The PRWID manager explained that, once the district receives the facility deeds and necessary paperwork, the staff will review the documents and present them to the board for final review.
One of the concerns raised by board members regarding PRWID accepting responsibility relates to the date from which the district will take over the responsibility of the lines.
Specifically, Palmer told board members that he had negotiated a takeover date for the district with the United States Bureau of Reclamation and the contractor who performed the work.
The date was set to retroactively go into effect on March 15 .
Board member Tom Matthews said he felt uncomfortable with the March date. He said it would be more appropriate if the date was adjusted to the same date as the final inspection by the district.
If the district is going to be retroactively responsible for the lines, Matthews said the date should reflect the completion of inspections.

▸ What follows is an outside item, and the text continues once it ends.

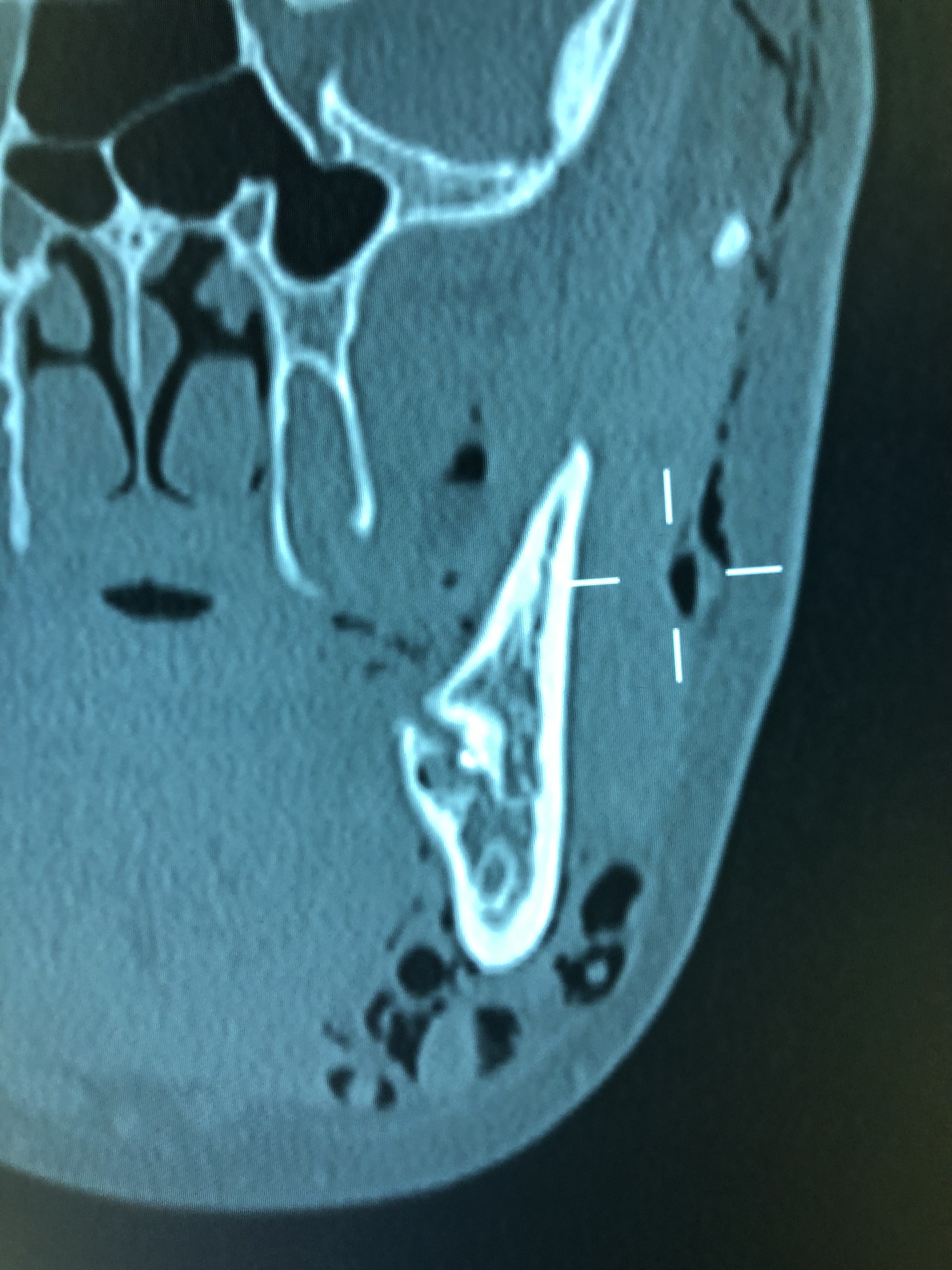 Absceso mandibular / fractura por intento de extracción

He continued by explaining that the inspection dates have been used in other projects which the district has assumed into its responsibility.
The date has to be accepted by both parties and begins a one year warranty period on the project.
Matthews pointed out that if the district can push the date past March 15, it can allow for more settling to occur during the warranty period and help protect the interests of the district.
As of Tuesday's meeting, the exact date was still unknown.
PRWID staff members suggested that the date was likely about six weeks ago, but the inspection logs would give the exact date of the final review of the work.
The board voted to set the date for PRWID to take over the project as indicated on the inspections.
The decision must go back to other interested parties in the agreement for approval and possible negotiations before it is approved.
The district has yet to approve the final agreements of the takeover and negotiations could change any portion of the agreements.
In an unrelated matter, the board responded to concerns regarding a proposed subdivision for residential construction in the Carbonville area.
Jeff Spainhower appeared previously before the board and received approval from PRWID regarding the Ballpark subdivision.
However, due to a change in the requirements relating to PRWID's services, the county planning commission asked Spainhower to again appear before the water district board to ensure that the proposed subdivision will meet the new requirements.
The board found no problems with the plans as presented by Spainhower and forwarded a favorable preliminary approval of the plans to the county.
The water district board will need to make a final review of the plan once they are completed before final approval can be granted.
And while the subdivision received approval almost without question, PRWID assistant manager Jeff Richens addressed related concerns in the Carbonville area. He said that some residents had complained about water pressure in that area of the county. PRWID can supply water into Carbonville at any one of three different points.
"There is adequate pressure and volume in Carbonville," said Richens.
Part of the problem is that a number of water lines in the area are dead end lines. Normally, the district tries to connect water mains back into the system. By looping back into the system, water flow can remain constant through the line and pressure variances are reduced.
Richens explained that until some of the lines can be looped back into the water system, some of the concerns related to water service will remain unresolved. He later said the district has contacted two property owners in the area and attempted to resolve the issue.
Richens indicated that part of the resolution of issues related to pressure and flow in Carbonville rest on the outcome of those discussed.
Steve Tanner, a resident of the Carbonville area, expressed concern regarding the requirements for water flow as the guidelines relate to fire controls.
Tanner explained that the state standard for water flow is 1,000 gallons per minute. However, the county has been using a standard of 500 gallons per minute.
Richens pointed out to the board that the county is given the option of setting an alternative minimum standard. The county set a standard based on the amount of water that can be pumped by trucks in the county and other fire control factors.
Based on the size and number of buildings in the county, fire departments in the county have a standard lower than 1,000 gallons per minute when it comes to the amount of water that can be pumped by the truck.
The county has adopted a 500 gallons per minute standard that is reflective of the pumping requirements of the fire departments and other factors relating to fire control.
The board dismissed the concerns expressed by Tanner, noting that the water district met the standards on the area.
Board members noted that attorneys for PRWID had reviewed the matter and had given an opinion that meeting the county standard would be sufficient.